A few weeks ago, KNDU told you about the budget calculator on Governor Gregoire's website.  She has a calculator on there so Washingtonians can see how the budget is balanced and suggest ideas to her office of how to balance the budget.  However, the Governor's office says they've only received 21 suggestions in direct response to the website.

Today, KNDU set out to see what people in the Tri-Cities think would help to balance the budget, and we found that many people don't fully understand the state budget. 

Washington state gets money from retail sales tax, business and occupation tax, property tax, and real estate excise tax, among a few other sources.

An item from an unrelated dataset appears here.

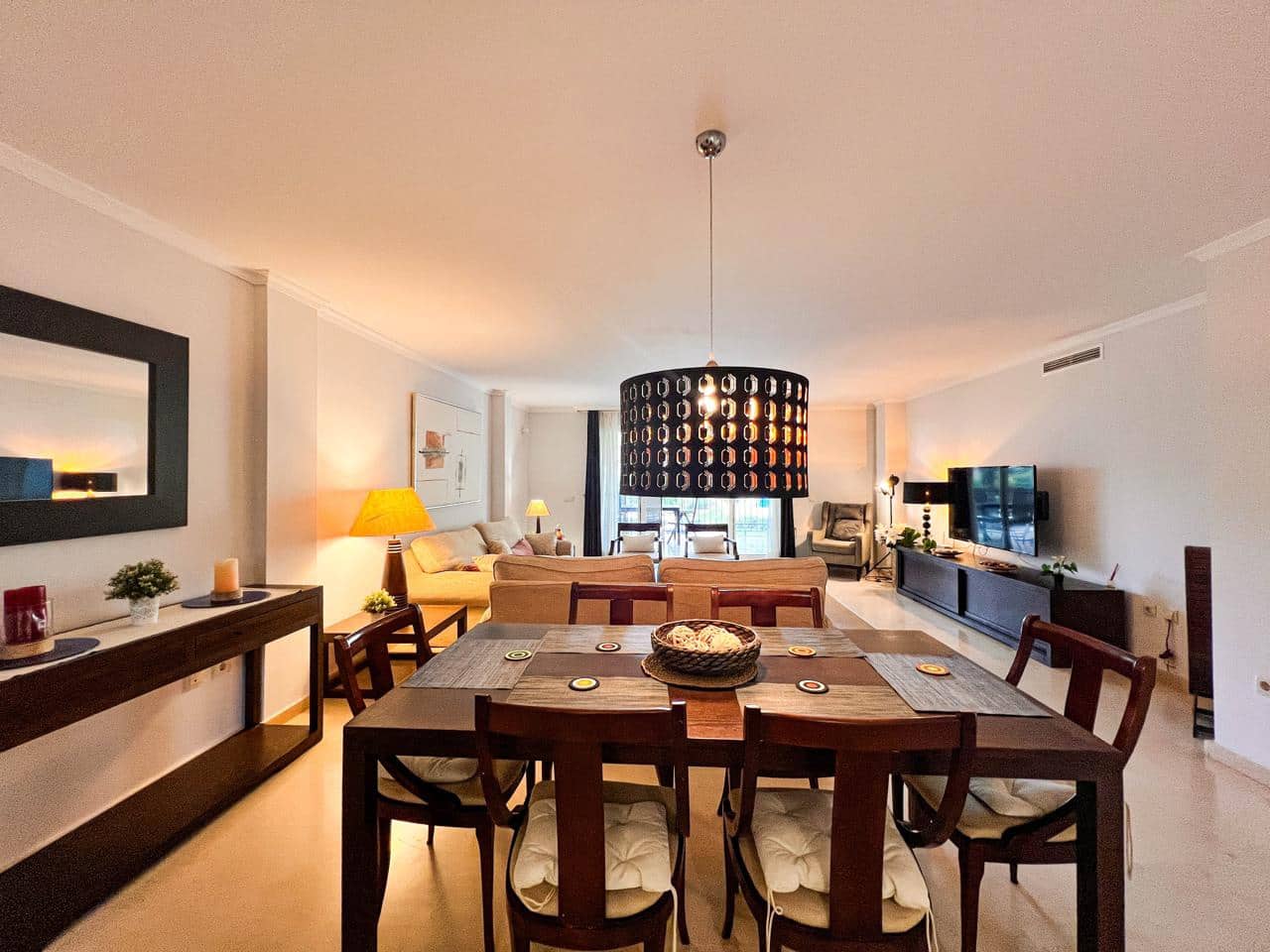 3 camera da letto Appartamento in vendita in San Roque con piscina garage - 699.000 € (Rif: 9432666)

The expected revenue for Washington is $31.5-billion from 2009 to 2011.  The projected spending for the same time frame is $35.3-billion dollars.  Most of that money will go towards education, public safety, human services, healthcare, and natural resources.

With the revenue being less than the projected spending and a growing deficit, cuts to the budget need to be made.  Staff from the governor's office tell us they prioritized government programs to determine where cuts should be made.  Glen Cooper, the Communications Director for the Office of Financial Management, says, "The biggest priority was making sure that programs for children are least affected by the cuts so those are areas like education."

Some Tri-Citians agree.  Nathina Norris says, "Education is a big one because we have young kids in schools and I'd hate to see funds taken out from there."  Tom Cooper agrees, saying, "I wouldn't cut anything out of education personally.  I have 2 children in the system and education is important."  However, one Tri-Citian disagrees.  Gwen MacCready says, "I think that most of the spending for schools, welfare, etcetera, was just over done."